Les traités de libre-échange, loin d’être des espaces privilégiant les hauts standards environnementaux, sociaux, éthiques, de sécurité ou de qualité, sont des espaces qui privilégient la « liberté » de la propriété lucrative. Autrement dit, celui du capital. Le capital enfin « libéré » fera donc la seule chose qu’il sait faire. C’est-à-dire croître en quantité, ce que l’on appelle de la « croissance ». Les propriétaires du capital ne ressemblent plus tellement aux anciens stéréotypes issus du 19e siècle[2], car essentiellement remplacés par des fonds d’investissement. Ces institutions sont d’ailleurs également dirigées par des employés qui doivent aussi rendre des comptes à leurs clients. Comme Ed Burkhardt, plusieurs capitalistes à l’ancienne existent encore, mais la majorité du 1% préfère de loin la prudence (en ne mettant pas tous leurs œufs dans le même panier, comme on dit) et préfère placer leur argent dans toute sorte de domaines, comme ceux sus-cités. C’est d’ailleurs le principal problème, car les connaissances directes des industries dans lesquelles ces investisseurs ont mis leurs deniers étant plutôt limitées. Le seul élément proprement pertinent pour eux, afin de juger la direction, sera évidemment le taux du retour sur investissement trimestriel (le profit).
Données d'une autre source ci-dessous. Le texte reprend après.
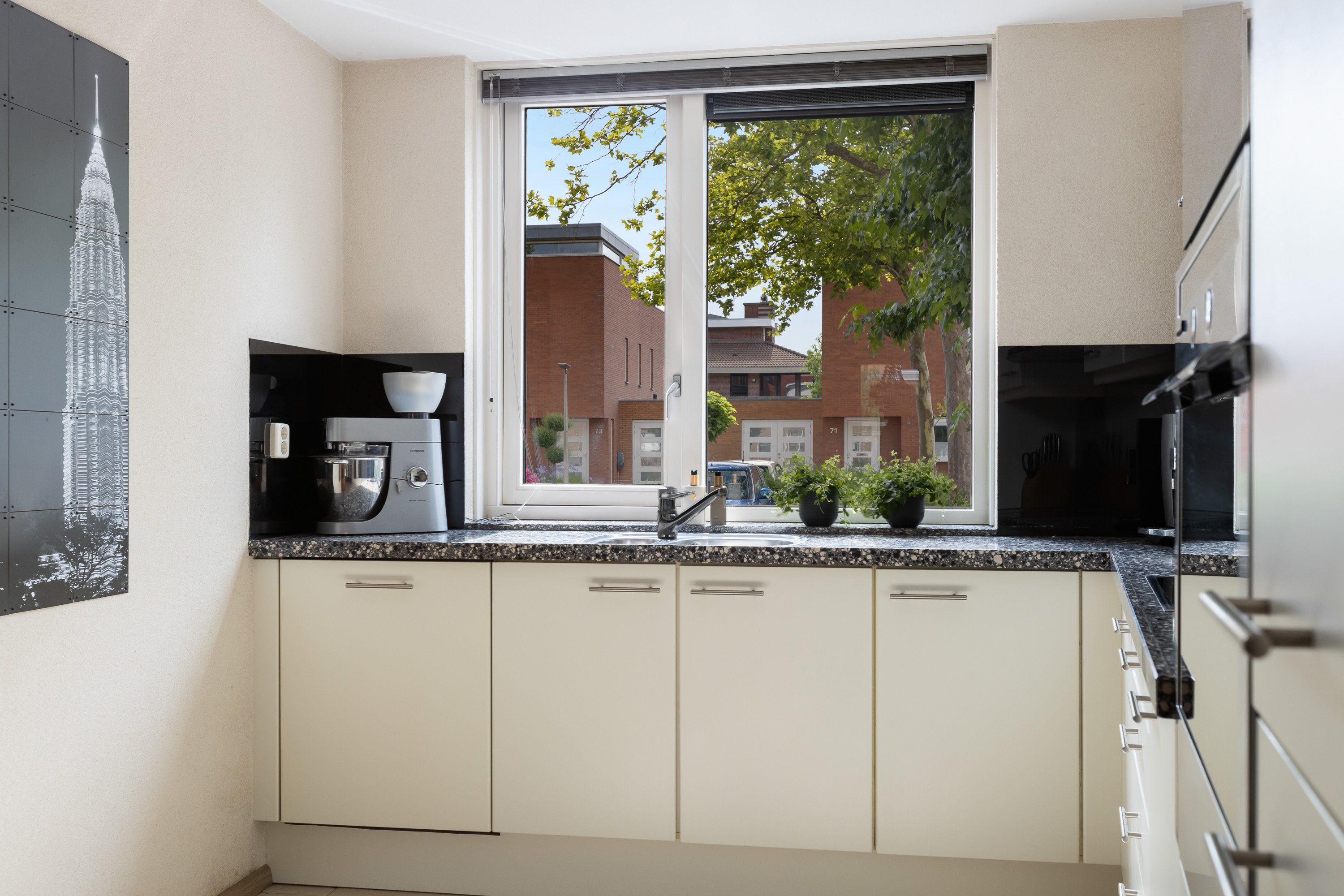 Agnes Bartoutslaan 66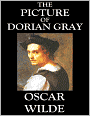 The Picture of Dorian Gray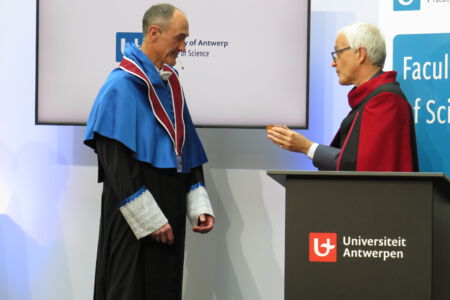 Eredoctoraat in de Wetenschappen 2023_06.JPG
Comme les compagnies appartiennent à des gens qui se fichent bien de savoir comment leur argent est créé. Les directions, responsables de satisfaire ces appétits gloutons, auront beaucoup de mal à faire valoir le « bon sens » et « l’éthique » pour expliquer un mauvais bilan. Les actions se vendant aussi vite qu’ils s’achètent. Une direction trop prompte à faire valoir le bon sens aux actionnaires pourrait facilement être remplacée ou pire, la compagnie mise en faillite et rachetée en un tour de main (ou d’action) ! C’est pourquoi le cadre Étatique est essentiel pour que le capitalisme lui-même ne s’autodétruise pas au bout du fameux trimestre. C’est en raison des lois que votent nos législatures que le minimum vital est respecté par ces requins et non par une éthique quelconque.
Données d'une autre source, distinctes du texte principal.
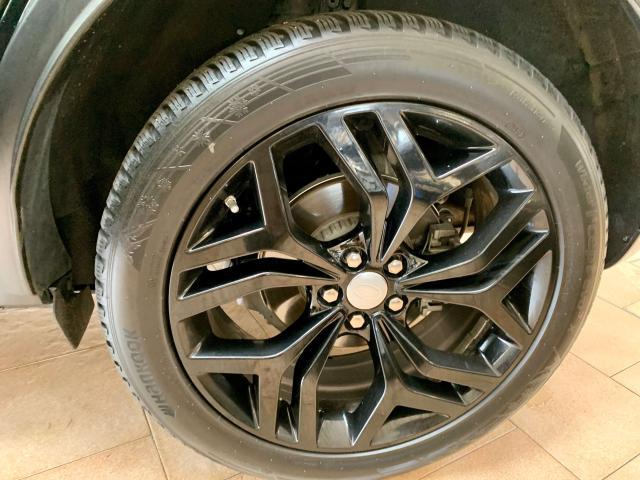 Land Rover Range Rover Evoque Range Rover Evoque 2.0d i4 mhev R-Dynamic SE awd 150cv auto AWD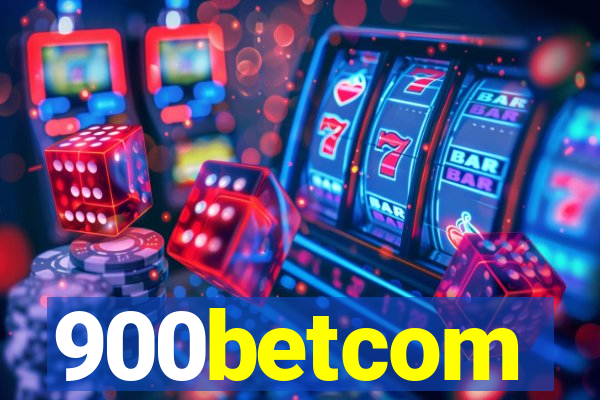 900betcom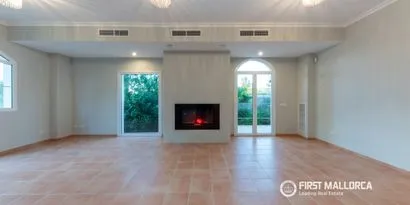 Real estate picture 0 Ref. No. 83735 — photo 11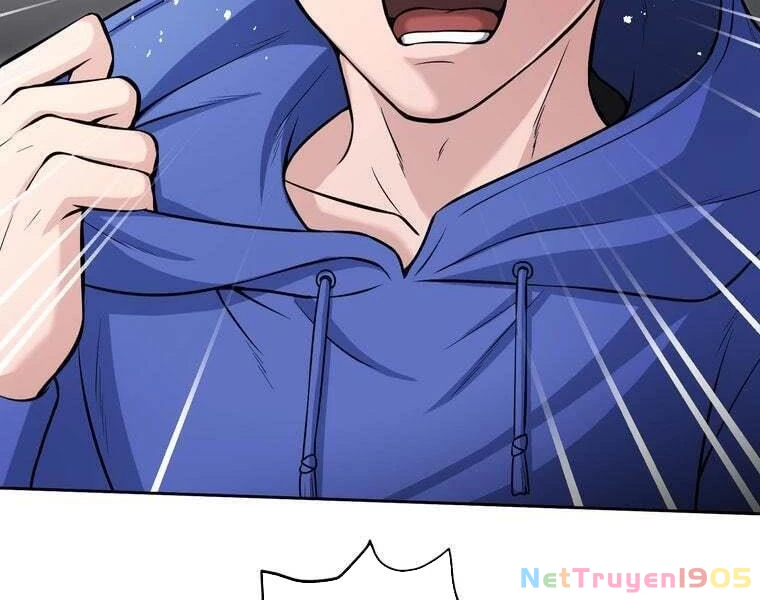 Giáo Viên Ác Quỷ Saiko Chapter 82 - 151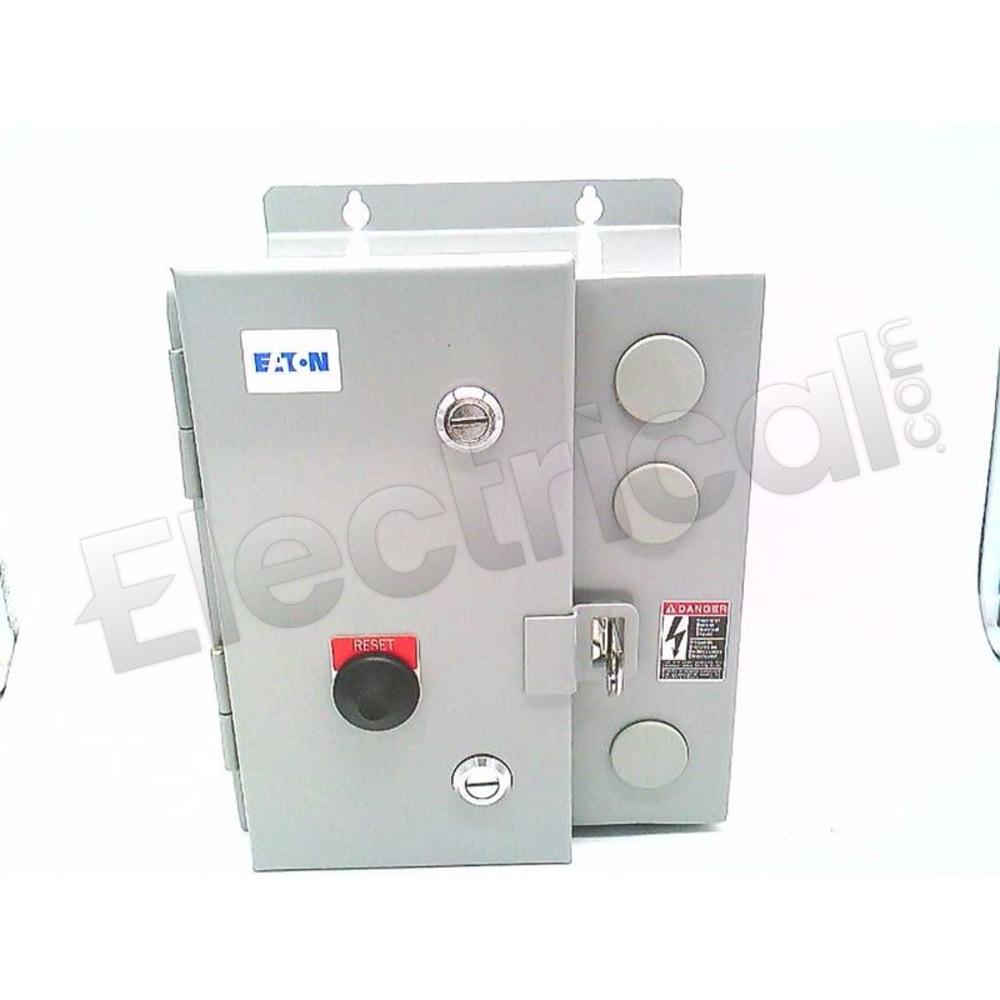 ECX09G3BAA-MS29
L’État est au service du capitalisme, car les partis au pouvoir l’interprètent comme la forme la plus avancée de « liberté », mais il doit aussi le contraindre pour son bien. C’est pourquoi des normes existent. Mais dans le cadre du libre-échange, les transnationales ont le rapport de force avec eux, s’ils ne s’entendent pas avec l’État. Car ce dernier n’a plus la possibilité de contraindre le capital à rester sur leur sol, étant en régime de « libre-échange ». C’est pourquoi les transnationales sont capables de mettre les États en concurrence et les faire s’ajuster entre eux, mais constamment à la baisse[3]. C’est dans ce cadre que des tragédies comme celle de Lac-Mégantic surviennent et continueront de survenir. Et c’est également pour cette raison qu’il n’y a aucune raison de faire confiance à ceux qui prétendent que des pipelines seraient une option plus sécuritaire que le train ou que les puits de gaz de schisme seraient une source d’enrichissement pour les populations riveraines.  
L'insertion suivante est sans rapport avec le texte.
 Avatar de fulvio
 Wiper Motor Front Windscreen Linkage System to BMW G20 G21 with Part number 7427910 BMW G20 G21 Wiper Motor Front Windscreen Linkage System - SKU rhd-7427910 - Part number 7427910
Les comportements individuels des décideurs de l’activité économique sont toujours amenés à être ce que la structure économique et légale les portera à être. C’est pourquoi les tentatives de moralisation des capitalistes à la Ed Burkhardt sont des chimères aussi stupides que celles du capitalisme … Le problème est d’abord et avant tout issu d’un système qui refuse de comprendre que l’activité économique doit être au service du peuple et non pas au service de lui-même ! Un système qui par principe est incapable de faire une différence entre la propriété d’usage (les objets que nous possédons) et la propriété d’échange (le capital sous toutes ses formes) et qui se refuse à toute planification économique, même dans un contexte de crise écologique aussi grave que celui que nous connaissons, est un système qui ne peut nous conduire qu’à la mort !

Il en va de la vie de nos compatriotes, comme de l’Humanité tout entière. Il faut combattre ce système stupide, car le capitalisme tue !

Benedikt Arden (août 2017)



[1] Le patron de la MM&A.
[2] Un portrait classique serait par exemple celui d’un homme gras, sans scrupule et vendant son âme au diable pour une poignée de dollars.
[3] À l’exception des cas où l’exigence favoriserait le conglomérat de capitalistes qui ont de facto le pouvoir sur l’économie internationale.